In regards to point #1, there is negligible risk in using HappyTC (assuming you don't use it to schedule the team of surgeons for your emergency quadruple bypass; per second point, DON'T do that). The only information we ask for is your email address, so you're not much at risk from identity theft; we promise not to reveal your email to anyone (show/sell/trade/etc.) — if you're still paranoid, get yourself a throw-away address and live a little. We will also do our level best to keep the system running smoothly, reliably, securely, and accurately. (Shit happens, but as rarely as we can manage.) Of course we would try and give as much advance notice as possible, and avoid it entirely if at all possible... but we do also reserve the right to shut down the system or delete/suspend your account at any time without notice. "AT YOUR OWN RISK" means you and your peeps (heirs, next of kin, family, relatives, guardians, conservators, executors, administrators, trustees, and assigns) absolve HappyTC and its peeps (creators, affiliates, partners, associates, heirs, and offspring) from liability for any and all damages arising from the use or misuse of HappyTC, howsoever caused. Bam. "Partners" includes sports leagues or other organizations who may take part in HappyTC's "white-label" branding program by displaying their logo, name, or other brand information on HappyTC pages.

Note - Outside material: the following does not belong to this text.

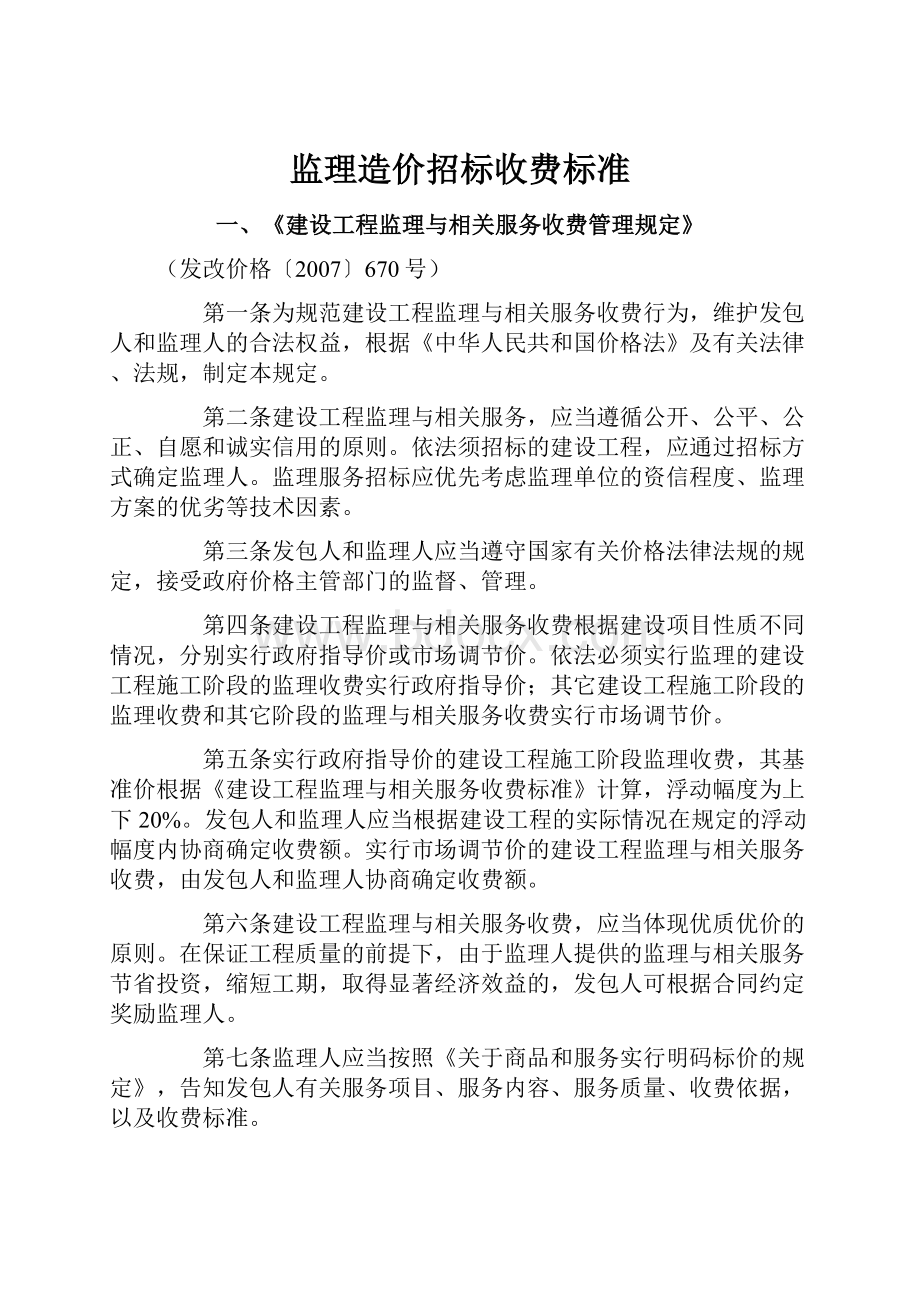 监理造价招标收费标准文档格式.docx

In regards to point #2, don't hack, harass, hate, or spam, and we won't delete your account. (We, in consultation with the Almighty, reserve the right to decide what exactly constitutes "evil" — which might be hard to define, but we'll know it when we see it.)

There now, wasn't that painless? (And by penning this jaunty treatise ourselves, we just saved ourselves hundreds in legal fees. Bonus: and got to use the words "jaunty" and "treatise".)